Ligue 1: à partir de quel niveau de risques interdire systématiquement les déplacements de supporteurs?
Virage à 180, et changement de cap total pour le gouvernement. Le 27 octobre dernier, RMC Sport dévoilait la lettre de Gérald Darmanin et d'Amélie Oudéa-Castéra envoyée aux préfets de toutes les régions françaises afin de limiter les interdictions de déplacement pour cette nouvelle saison de Ligue 1. Datée du 13 octobre, cette missive du ministre de l'Intérieur et de la ministre des Sports voulait donner la priorité à l'encadrement des supporteurs plutôt qu'à leur absence forcée. Cette décision devait aussi servir à une meilleure préparation dans la gestion des flux avant les Jeux olympiques à Paris, l'été prochain.
Un peu plus d'un mois après cette lettre, le discours a changé. Le week-end après ces révélations, le match OM-OL (29 octobre) n'avait pas lieu. La faute à de graves incidents à l'extérieur de l'enceinte marseillaise. Depuis ces scènes, et la vague médiatique, les deux ministres en première ligne sur ces questions ont changé leur vision. "Il faut reconnaître que les événements d'OM-OL ont changé le visage de la saison, il faut maintenant être ferme, très ferme", expliquent plusieurs conseillers ministériels concernés par la question. Les interlocuteurs n'éludent pas les autres événements qui sont survenus cette saison en Ligue 1, comme le car des supporteurs de Brest caillassé à Montpellier ou encore une famille prise à partie à Nantes, en septembre dernier.
De nombreux matchs classés à risques au cours d'une saison
Sur France Inter, ce lundi matin, Amélie Oudéa-Castéra a émis l'hypothèse d'une interdiction des déplacements de supporteurs dès que la rencontre est considérée à risque par les autorités. En clair, dans le langage courant de la gestion des supporteurs en France, cela voudrait dire dès que la note de la Division nationale de lutte contre le hooliganisme (DNLH) dépasse le 2 sur 5. "La note 1 sur 5 n'est pas très parlante", admet une source policière. Avant de compléter: "À partir du 2 on peut considérer qu'un antagonisme est présent, c'était le cas à Nantes par exemple".

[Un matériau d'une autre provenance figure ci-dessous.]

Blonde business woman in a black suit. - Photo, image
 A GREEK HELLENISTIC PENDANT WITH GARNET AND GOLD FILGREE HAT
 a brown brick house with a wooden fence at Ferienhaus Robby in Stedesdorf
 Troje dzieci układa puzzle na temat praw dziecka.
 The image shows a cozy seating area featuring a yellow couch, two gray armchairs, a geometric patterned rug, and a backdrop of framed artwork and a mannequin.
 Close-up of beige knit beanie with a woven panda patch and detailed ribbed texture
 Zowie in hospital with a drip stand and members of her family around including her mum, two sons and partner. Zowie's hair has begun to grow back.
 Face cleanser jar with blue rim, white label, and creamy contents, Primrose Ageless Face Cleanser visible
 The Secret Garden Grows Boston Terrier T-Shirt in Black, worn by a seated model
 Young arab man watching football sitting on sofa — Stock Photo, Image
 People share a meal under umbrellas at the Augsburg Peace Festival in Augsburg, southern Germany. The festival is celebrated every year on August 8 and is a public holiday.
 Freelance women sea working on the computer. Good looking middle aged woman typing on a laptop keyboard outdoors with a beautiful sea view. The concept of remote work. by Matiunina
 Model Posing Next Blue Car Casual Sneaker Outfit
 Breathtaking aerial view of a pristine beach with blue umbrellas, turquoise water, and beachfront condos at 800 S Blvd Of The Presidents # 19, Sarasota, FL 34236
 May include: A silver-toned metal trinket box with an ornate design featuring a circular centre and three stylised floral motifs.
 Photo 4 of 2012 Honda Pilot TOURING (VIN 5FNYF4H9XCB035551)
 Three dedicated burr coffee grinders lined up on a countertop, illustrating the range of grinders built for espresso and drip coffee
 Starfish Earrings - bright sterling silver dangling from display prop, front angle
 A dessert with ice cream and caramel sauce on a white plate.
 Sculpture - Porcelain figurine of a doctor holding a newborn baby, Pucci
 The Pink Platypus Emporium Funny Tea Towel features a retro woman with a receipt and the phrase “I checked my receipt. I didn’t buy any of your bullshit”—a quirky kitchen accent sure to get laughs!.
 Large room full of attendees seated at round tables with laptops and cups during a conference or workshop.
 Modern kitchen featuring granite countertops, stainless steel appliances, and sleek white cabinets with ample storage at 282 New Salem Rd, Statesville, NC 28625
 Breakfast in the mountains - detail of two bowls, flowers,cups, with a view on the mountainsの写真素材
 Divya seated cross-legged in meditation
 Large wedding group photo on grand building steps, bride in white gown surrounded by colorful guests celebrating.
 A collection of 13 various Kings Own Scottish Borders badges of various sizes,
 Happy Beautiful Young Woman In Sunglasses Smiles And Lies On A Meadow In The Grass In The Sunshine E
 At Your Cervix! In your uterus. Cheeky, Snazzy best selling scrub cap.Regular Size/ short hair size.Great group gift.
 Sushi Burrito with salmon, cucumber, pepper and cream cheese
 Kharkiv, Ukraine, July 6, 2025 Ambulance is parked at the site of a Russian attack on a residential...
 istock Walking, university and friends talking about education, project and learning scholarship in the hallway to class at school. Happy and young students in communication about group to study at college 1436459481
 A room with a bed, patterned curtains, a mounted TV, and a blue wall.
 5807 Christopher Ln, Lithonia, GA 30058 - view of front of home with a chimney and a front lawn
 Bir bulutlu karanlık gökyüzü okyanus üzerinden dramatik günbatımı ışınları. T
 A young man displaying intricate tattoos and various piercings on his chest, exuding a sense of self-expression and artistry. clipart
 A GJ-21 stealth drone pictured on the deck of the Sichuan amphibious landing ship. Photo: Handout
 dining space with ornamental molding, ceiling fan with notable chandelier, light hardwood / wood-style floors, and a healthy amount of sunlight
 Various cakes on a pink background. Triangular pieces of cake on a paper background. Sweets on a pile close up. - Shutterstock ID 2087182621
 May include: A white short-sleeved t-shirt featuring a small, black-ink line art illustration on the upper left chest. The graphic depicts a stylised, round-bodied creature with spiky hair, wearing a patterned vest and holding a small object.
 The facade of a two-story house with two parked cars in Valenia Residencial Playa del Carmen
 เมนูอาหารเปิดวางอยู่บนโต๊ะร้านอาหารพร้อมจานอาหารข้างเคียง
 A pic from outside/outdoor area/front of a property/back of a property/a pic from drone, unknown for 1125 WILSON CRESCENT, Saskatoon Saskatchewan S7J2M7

Dans les faits, cela concerne énormément de matchs lors d'une saison de Ligue 1 (et de nombreux matchs de Ligue 2). Le président de la LFP, Vincent Labrune, est sur la même longueur d'onde que la ministre des Sports. Et de nombreux représentants du football français poussent dans le sens d'Amélie Oudéa-Castéra. La DNLH, service spécialisé dans la gestion des supporteurs en France, est en contact permanent avec l'ensemble des forces vives qui composent l'environnement football sur notre territoire. Les policiers spécialisés émettent des notes sur tous les matchs classés (de 1 à 5), y compris dans les divisions amateures. À l'international, la DNLH écrit sur tous les matchs (comme les matchs de coupes d'Europe), qu'ils soient classés ou non.
Encore plus d'arrêtés ces prochaines semaines?
"Le problème des arrêtés, c'est qu'ils sont facilement attaquables devant la justice, ça ne pourra pas tenir pendant des mois", souligne un policier spécialisé dans la gestion des supporteurs. Une situation qui s'est produite très récemment avec le match Paris FC-Bordeaux en Ligue 2. Si les menaces de la ministre des Sports entrent rapidement en place, les préfets devront donc produire encore plus d'arrêtés pour les abords des stades et l'accès aux enceintes. Ces arrêtés seront complétés par des interdictions de déplacements du ministère de l'Intérieur. C'est le fonctionnement normal (et régulier) du système en France.
"Outre ces classements qui sont très importants dans les réunions préparatoires, il faut aussi prendre en compte de manière plus importante le renseignement policier de terrain. C'est la base pour préparer une rencontre", complète ce policier spécialisé. Enfin, certains appellent à repenser et élargir le rôle de la DNLH, cette structure de coordination rattachée à la direction centrale de la sécurité publique assure une mission de renseignement et de synthèse avant les rencontres.
Les classements :
Classement risques 1: flux important et inhabituel de supporteurs ou spectateurs.
Classement risques 2: contexte dégradé susceptible de générer des comportements déviants de la part des supporteurs.
Classement risques 3: risque de troubles à l'ordre public liés à un contentieux entre supporteurs ou au comportement habituel de certains supporteurs.
Classement risques 4: risques avérés de troubles à l'ordre public liés à un contentieux chronique entre supporteurs ou à la présence avérée de supporteurs à risques.
Classement risques 5: risques graves de troubles à l'ordre public nécessitant des mesures exceptionnelles.